Below are the entries. Transcribe exactly the lines from the one with "SAB, 1920 census for Fitjar, 1920, p. 168" through the one with "Banksy Flying Copper, 2003", ends included, and leave out all others.
________
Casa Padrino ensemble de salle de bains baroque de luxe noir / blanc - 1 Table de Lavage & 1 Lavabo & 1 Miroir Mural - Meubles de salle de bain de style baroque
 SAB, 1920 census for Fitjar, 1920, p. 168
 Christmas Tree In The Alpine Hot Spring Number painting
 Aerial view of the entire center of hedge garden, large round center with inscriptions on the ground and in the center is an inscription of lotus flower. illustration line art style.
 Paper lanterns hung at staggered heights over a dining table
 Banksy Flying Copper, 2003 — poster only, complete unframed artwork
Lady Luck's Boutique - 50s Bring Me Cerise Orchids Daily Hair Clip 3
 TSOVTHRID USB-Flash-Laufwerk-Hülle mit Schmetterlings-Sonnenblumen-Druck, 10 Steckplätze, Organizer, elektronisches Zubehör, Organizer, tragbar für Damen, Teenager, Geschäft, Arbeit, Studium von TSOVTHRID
________
▸ **The completed task**
 SAB, 1920 census for Fitjar, 1920, p. 168
 Christmas Tree In The Alpine Hot Spring Number painting
 Aerial view of the entire center of hedge garden, large round center with inscriptions on the ground and in the center is an inscription of lotus flower. illustration line art style.
 Paper lanterns hung at staggered heights over a dining table
 Banksy Flying Copper, 2003 — poster only, complete unframed artwork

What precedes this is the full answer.